There are a total of twenty-seven separate verses of upadesa (spiritual teaching) that Sri Ramana composed, which are not included in the Upadesa Nunmalai section of ஸ்ரீ ரமண நூற்றிரட்டு (Sri Ramana Nultirattu), the Tamil ‘Collected Works of Sri Ramana’, but which could appropriately be included there.

Sri Sadhu Om gathered these twenty-seven verses together and arranged them in a suitable order to form a work entitled உபதேசத் தனிப்பாக்கள், the ‘Solitary Verses of Spiritual Teaching’, and he included this work at the end of his Tamil commentary on Upadesa Nunmalai, which is a book called ஸ்ரீ ரமணோபதேச நூன்மாலை – விளக்கவுரை (Sri Ramanopadesa Nunmalai – Vilakkavurai).

In verses 2 and 3 (which are also verses B4 and B5 of Guru Vachaka Kovai) Sri Ramana explains the tattvam or truth signified by Deepavali (the ‘array [or series] of lights’), an important festival that celebrates the destruction of the demon Narakasura, who symbolises the ego.

In verse 2 he summarises the meaning of verses 181 and 182 of Guru Vachaka Kovai, saying that a person who slays Narakan (the demon who embodies our ego) with the jnana-chakra (the discus of self-knowledge) by investigating ‘where is Narakan, who rules the world of hell (naraka) as “[this] hell-body is I”?’ is Narayana (Lord Vishnu), and that that day (on which Narakasura is thus slain) is the auspicious day of Naraka Chaturdasi (the day of the fourteenth waning moon, on which people commence the Deepavali festival by taking a ritual bath to celebrate his destruction).


In verse 3 he rephrases verse 183 of Guru Vachaka Kovai, saying that Deepavali (the ‘array of lights’) is our shining as self, having scrutinised and thereby destroyed the great sinner, the evil Narakasura, who degenerated by imagining the illusory (or miserable) body abode, which is the form of hell (naraka), to be ‘I’.

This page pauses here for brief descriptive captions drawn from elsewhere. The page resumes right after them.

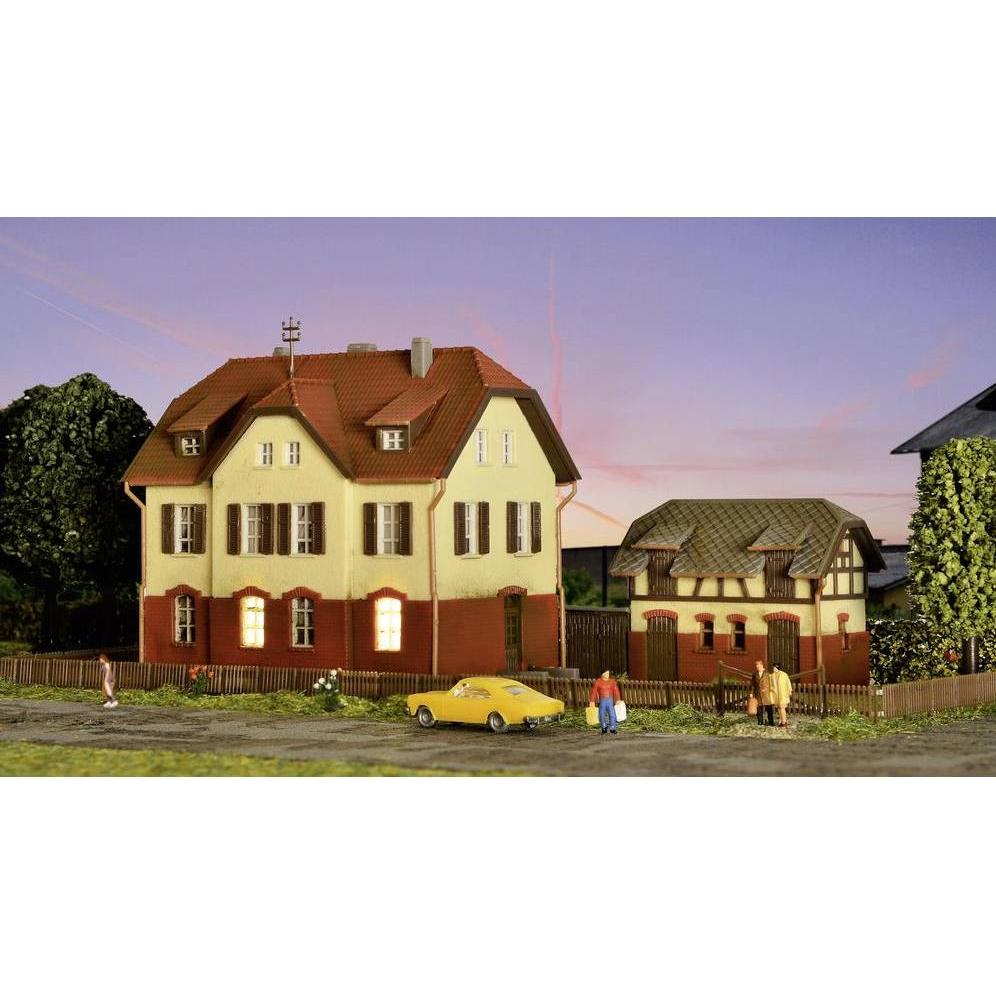 Thumbnail - Kibri 37112 N Eisenbahnergebäude mit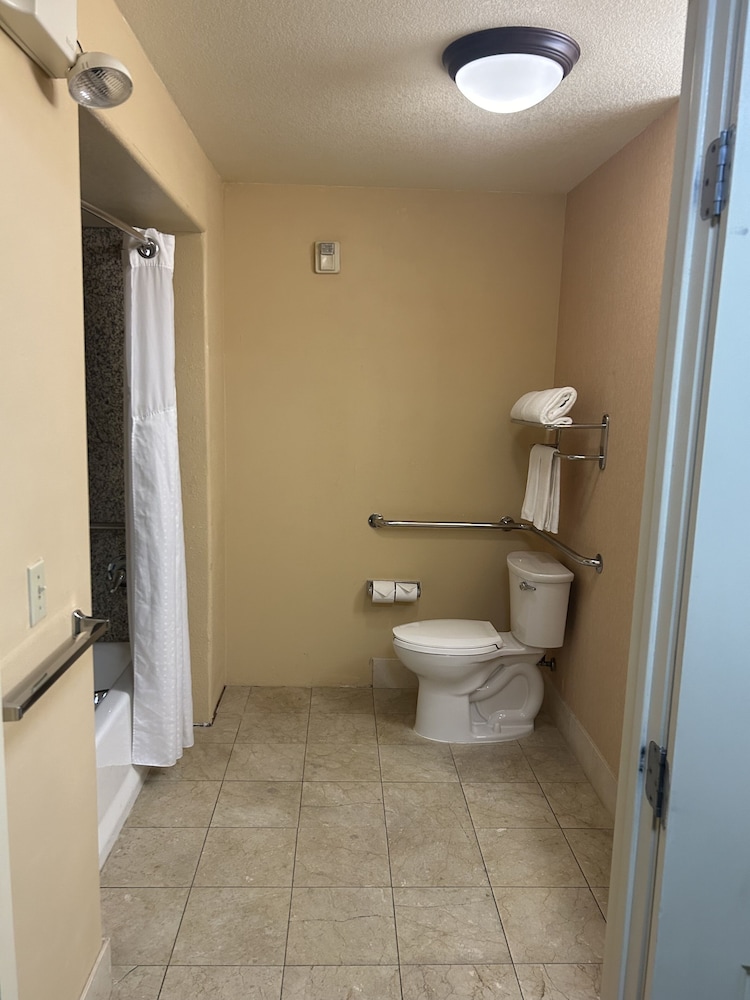 Holiday Inn Express Las Vegas Nellis by IHG - photo 14
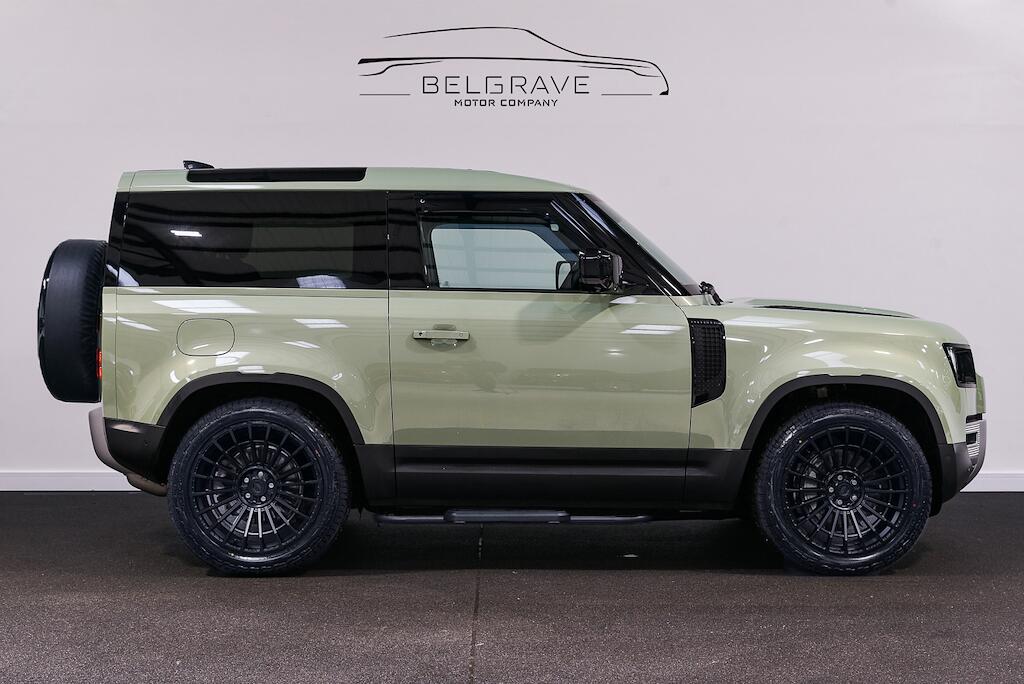 Land Rover Defender 90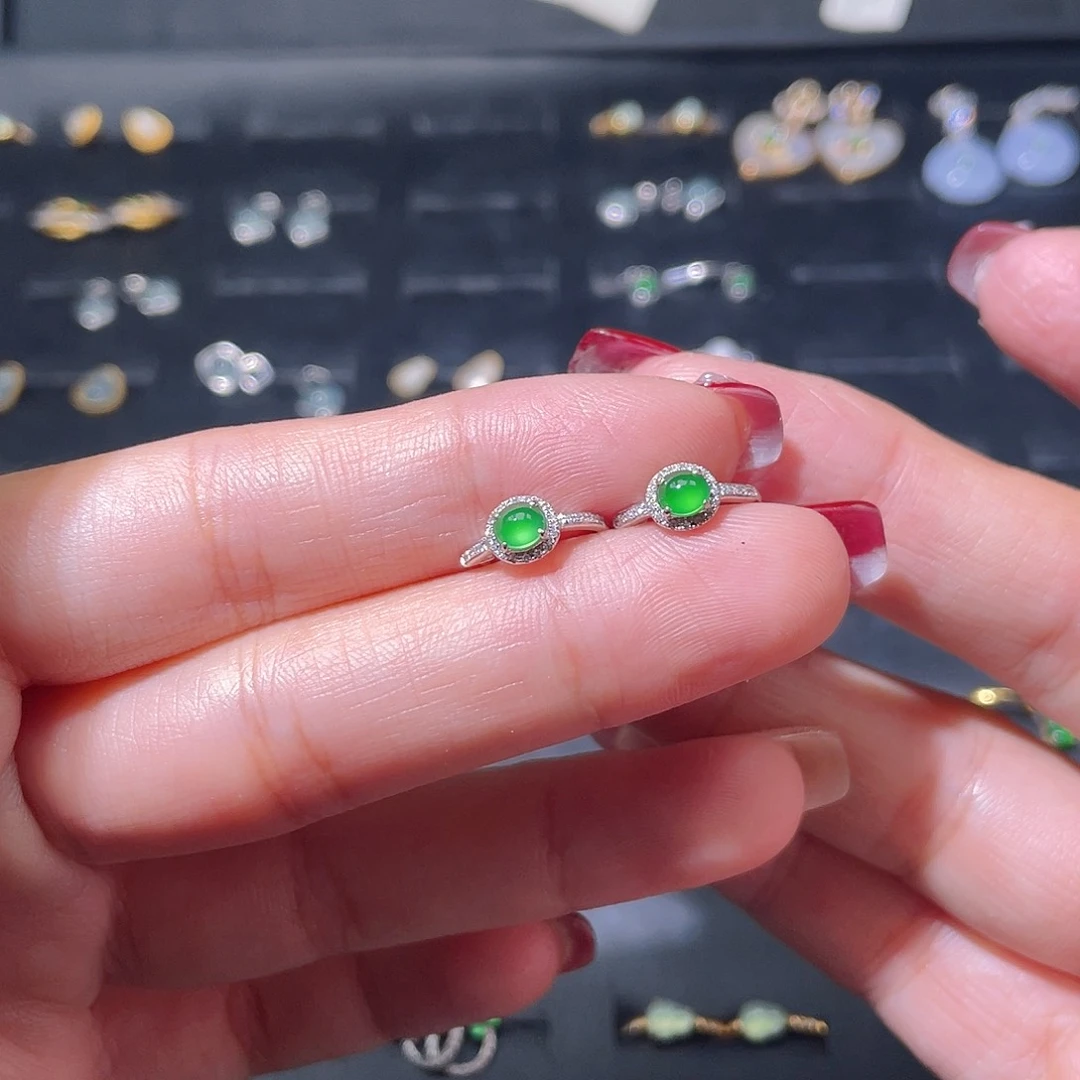 翡翠耳饰18K金镶嵌耳饰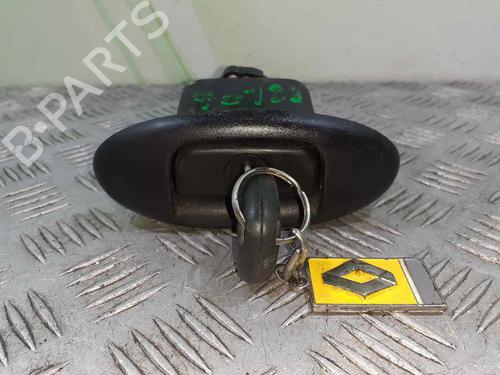 Used Tailgate handle RENAULT MEGANE I Classic (LA0/1_) 1.6 e (LA0F, LA0S) (90 hp) 7516035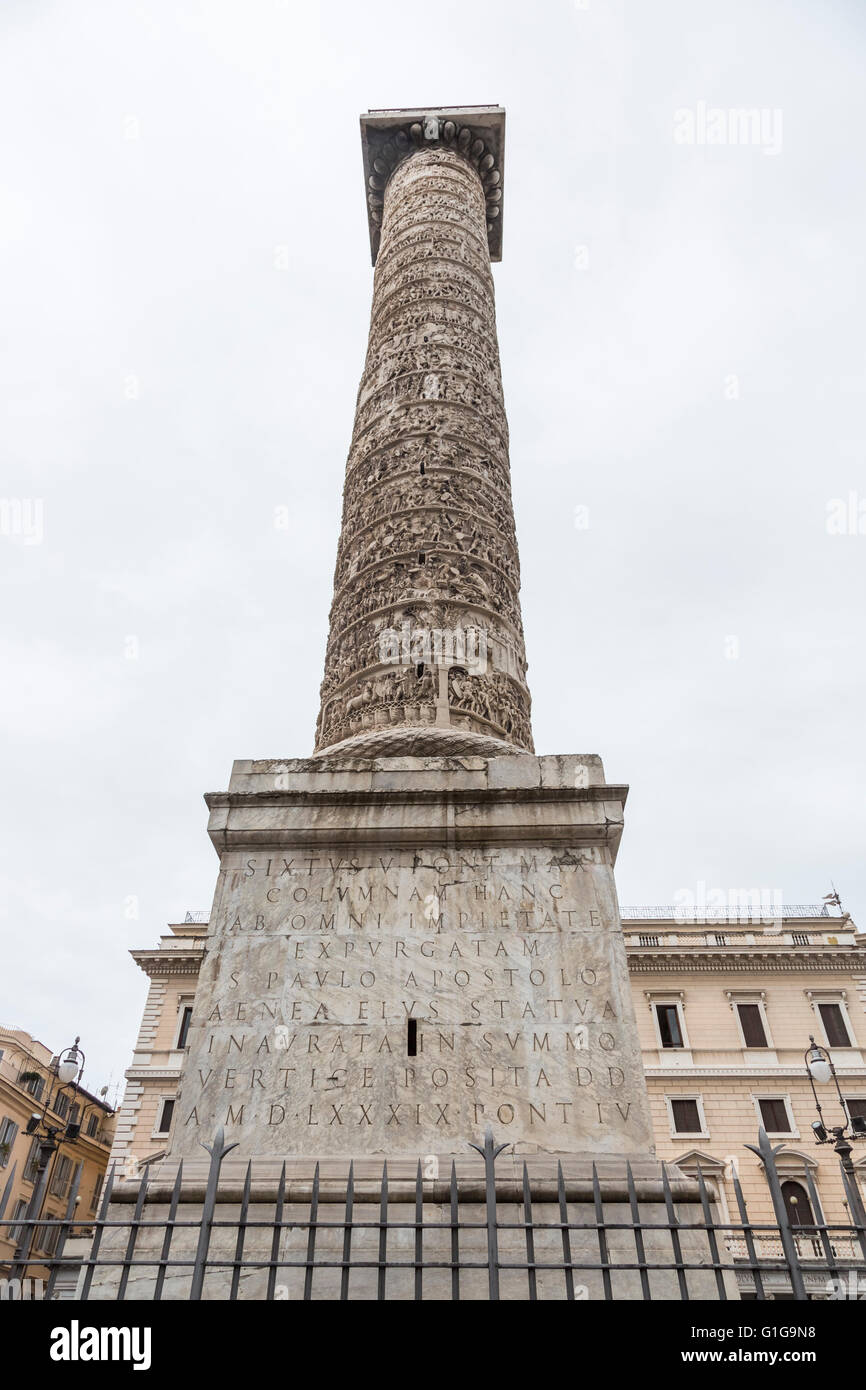 Column of Marcus Aurelius, Piazza Colonna, Rome,: Doric Roman victory column, spiral relief of the Danubian or Marcomannic wars Stock Photo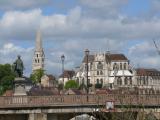 [Cliquez pour agrandir : 91 Kio] Auxerre - L'Yonne, le pont Paul-Bert et la cathédrale Saint-Étienne.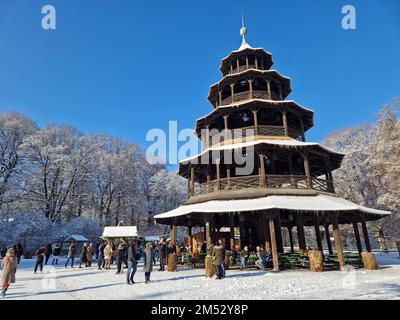Marchés de Noël dans la neige à Chinesischer Turm à Munich, Allemagne Banque D'Images
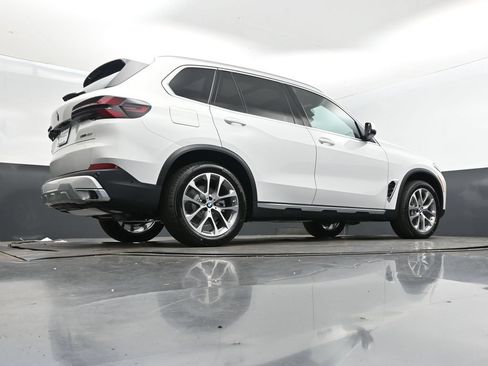 Used 2026 BMW X5 sDrive40i w/ Parking Assistance Package RWD image 40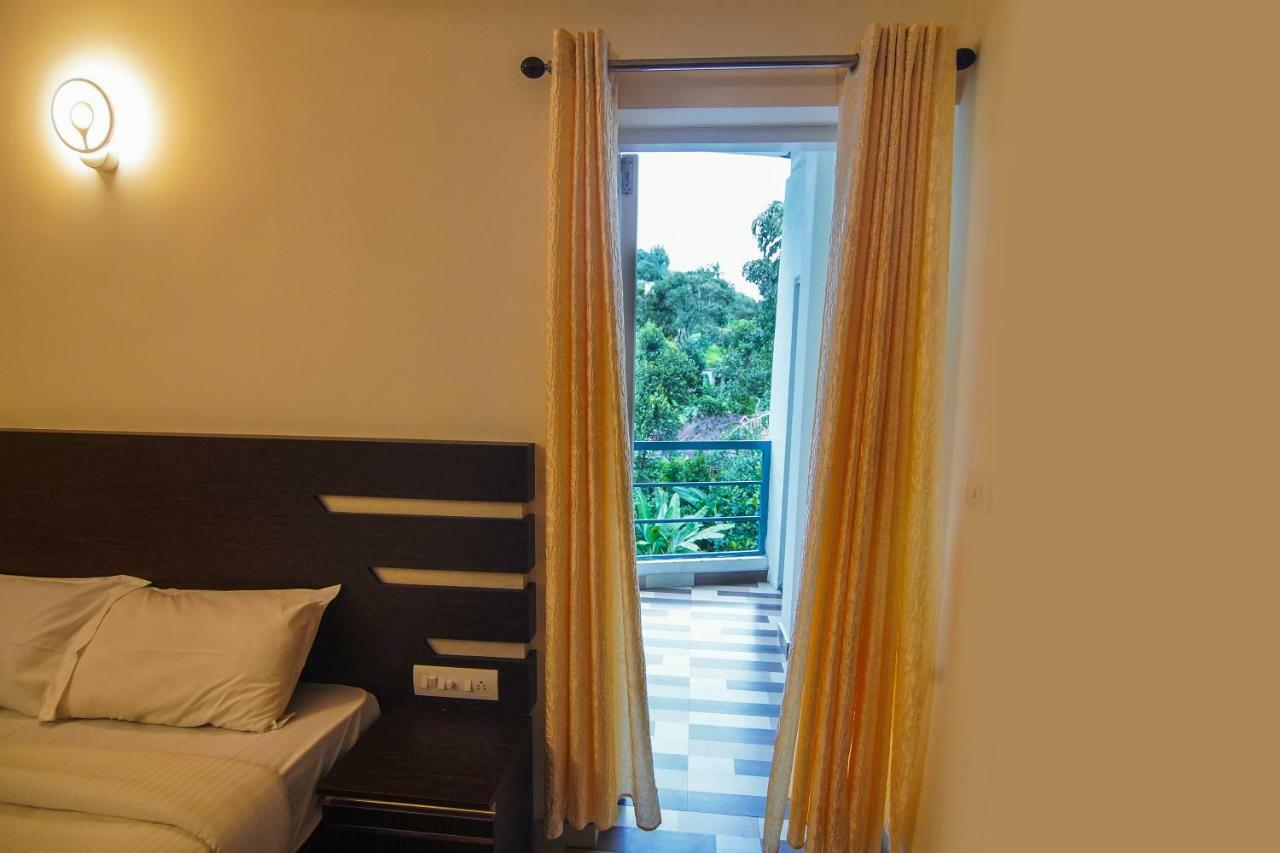 Lamond Holidays Munnar Esterno foto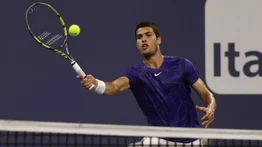 Alcaraz elimina a Cilic y avanza a octavos del Miami Open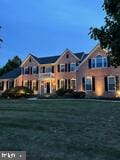 view of front facade with a front yard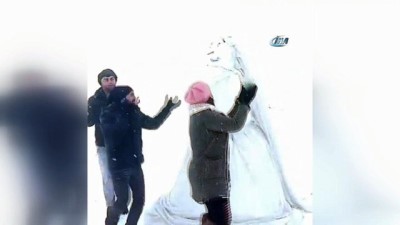  İran sınırdaki öğretmenlerden ‘Kardan Kadın’ 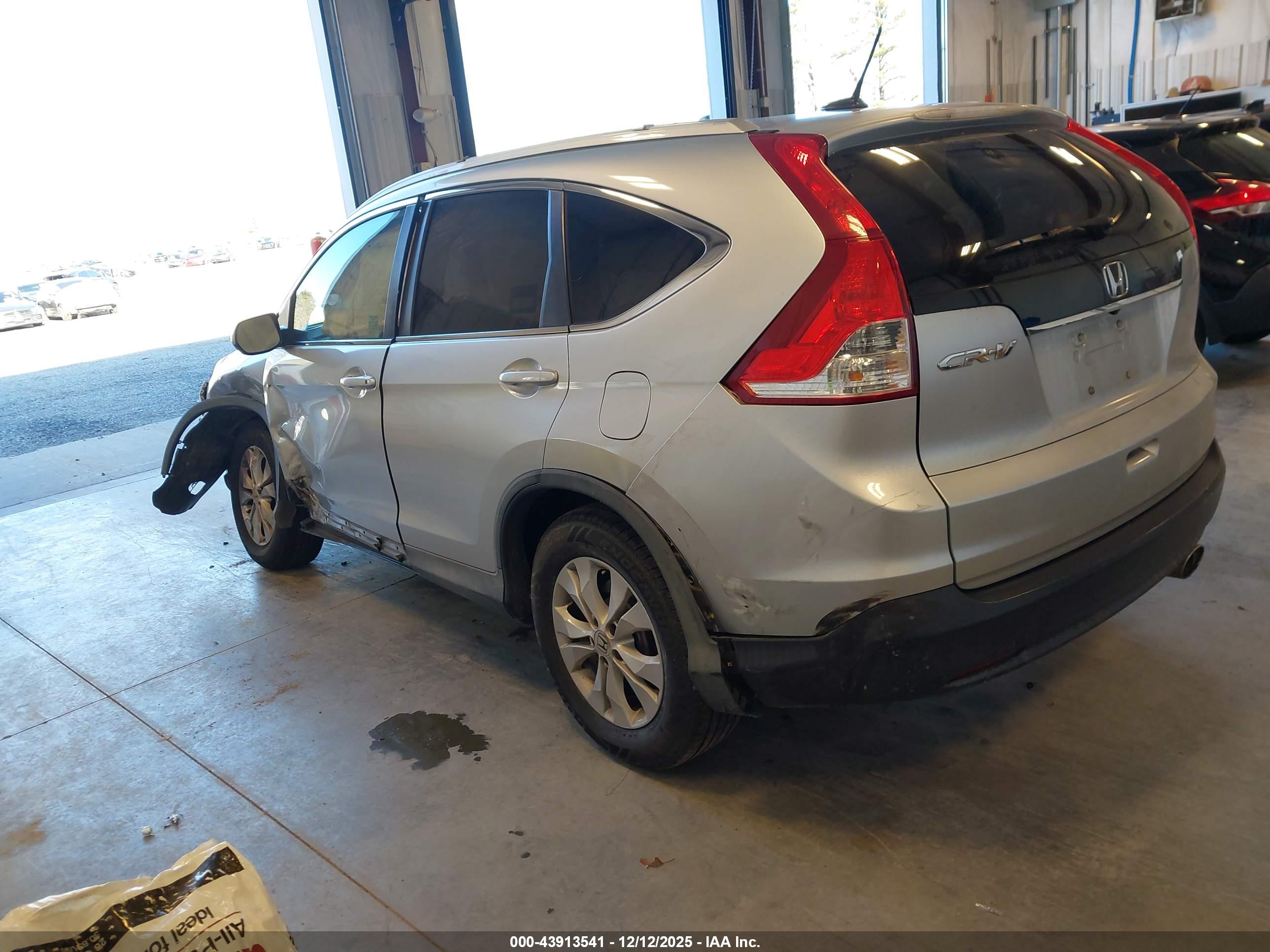 HONDA CR-V image 3
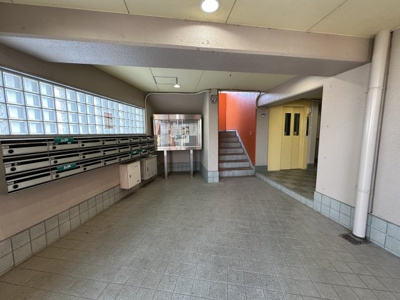 【ロビー】 | カーサアリーナ | 集合ポスト
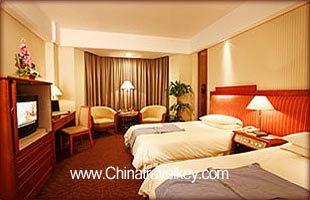 Guestroom of Ramada Plaza Hangzhou Haihua Hotel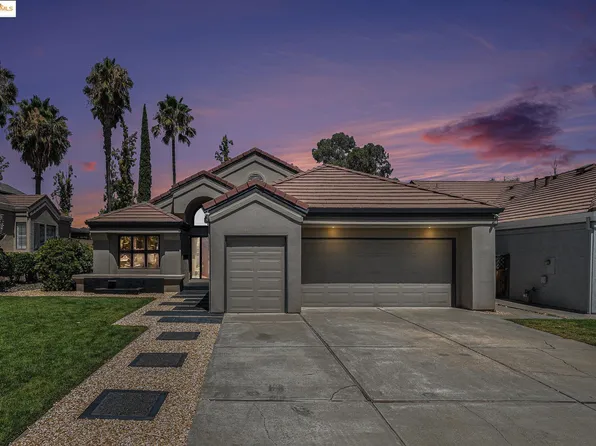 1100 Saint Andrews Dr, Discovery Bay, CA 94505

That is, Narakasura is our mind or ego, which has fallen from our natural state of pure non-dual self-consciousness by imagining itself to be a body, and he can be killed only by our scrutinising him to know who he really is. When we thus investigate ‘who (or what) is this evil ego?’ and thereby destroy it, we will remain as the victorious Narayana (God), the slayer of Narakasura. This slaying of Narakasura is the significance of Naraka Chaturdasi, and our subsequent shining as Narayana, who is our own real self, is what is symbolised by Deepavali, the festival of the ‘array of lights’.